● **Dataset content**:
-- -- --

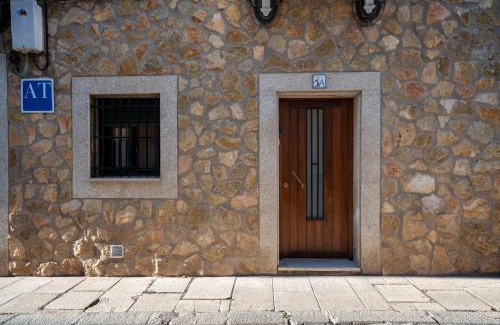Santa Clara Apartment | Explore Centro Histórico at Apartamentos Turísticos Cáceres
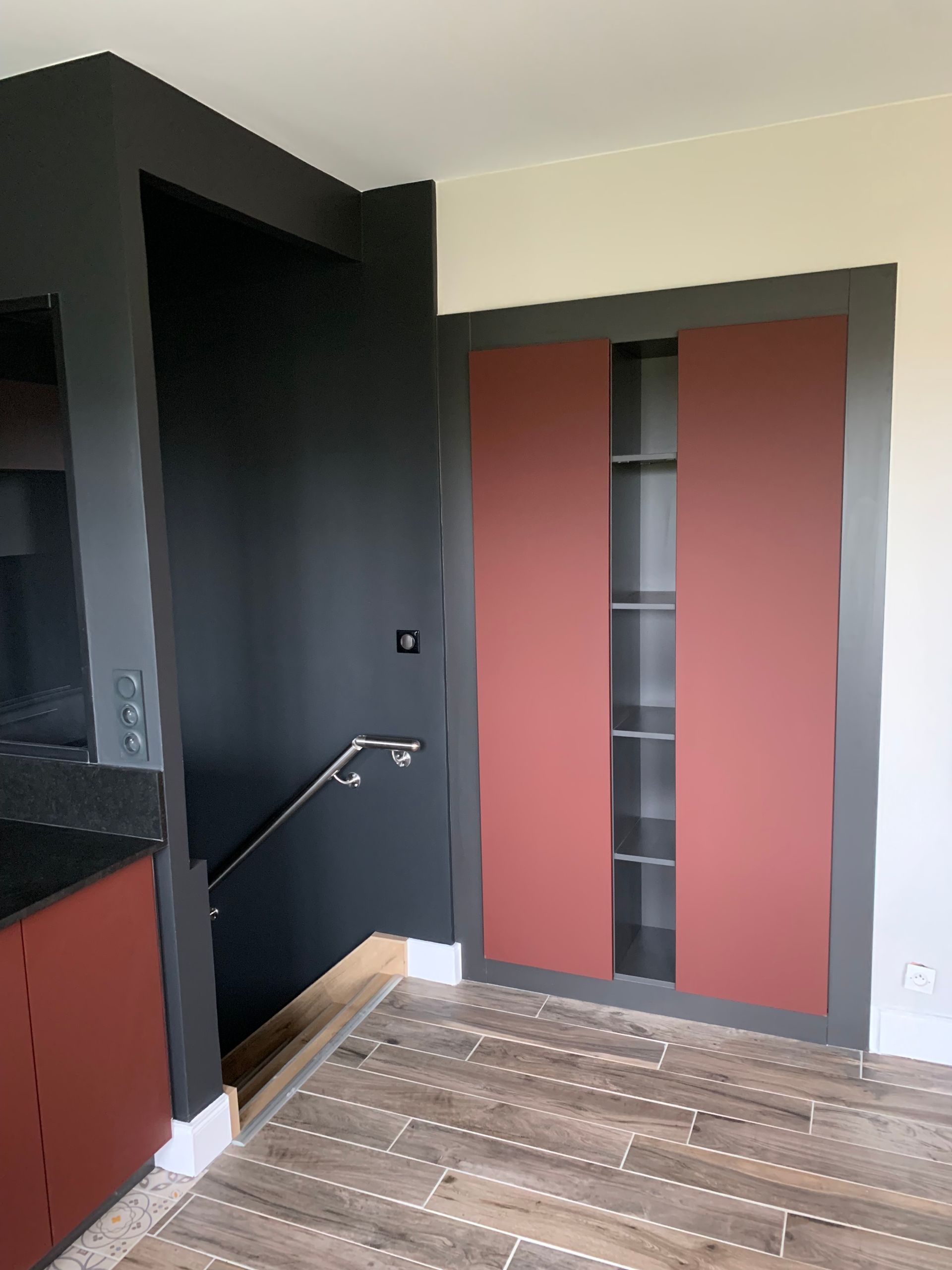 Peinture murale rouge et noire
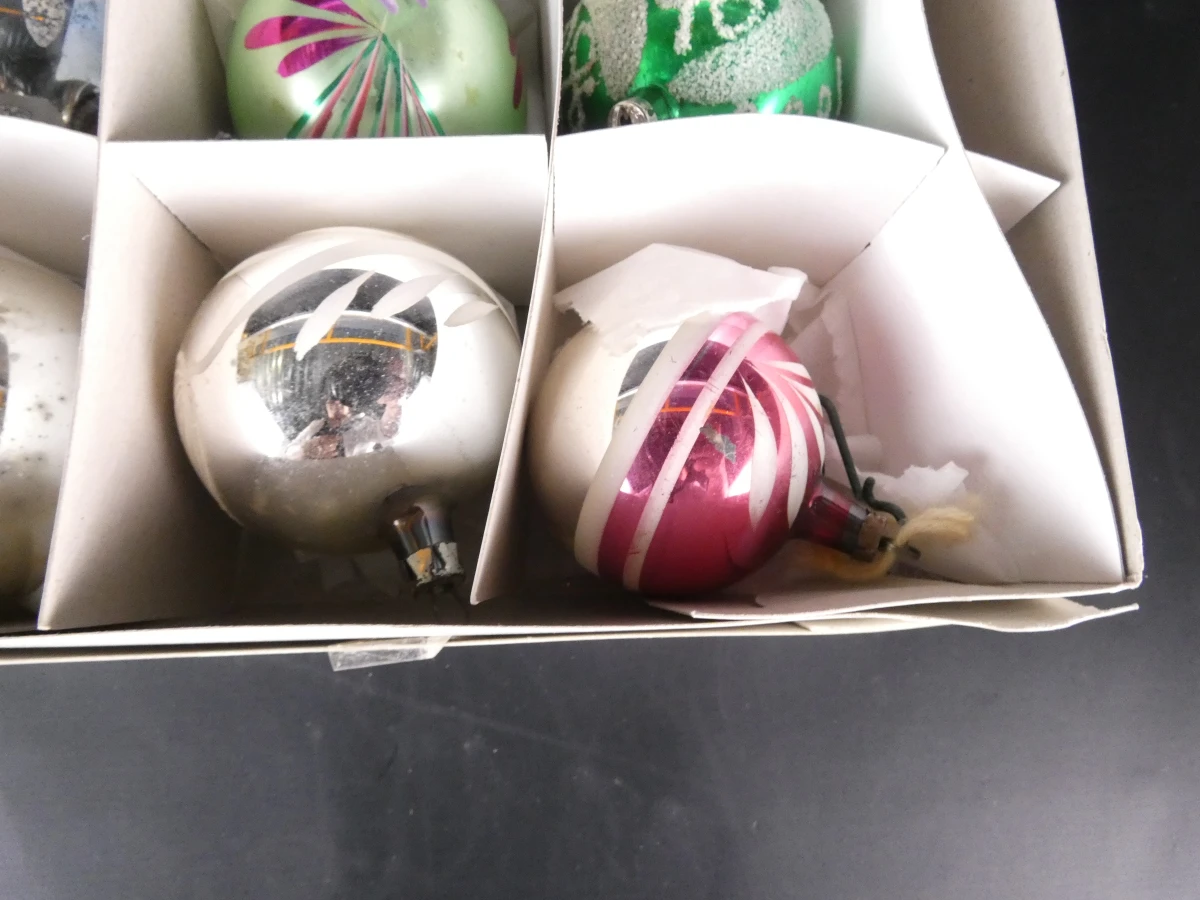 Set vintage kerstballen en pieken - foto 9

-- -- --

● **What you need to do**:
With pictures left out, extract the lines from the one containing "Peinture murale rouge et noire" to the end of the material above, both included, exactly as written.

● **Your solution**:
 Peinture murale rouge et noire
 Set vintage kerstballen en pieken - foto 9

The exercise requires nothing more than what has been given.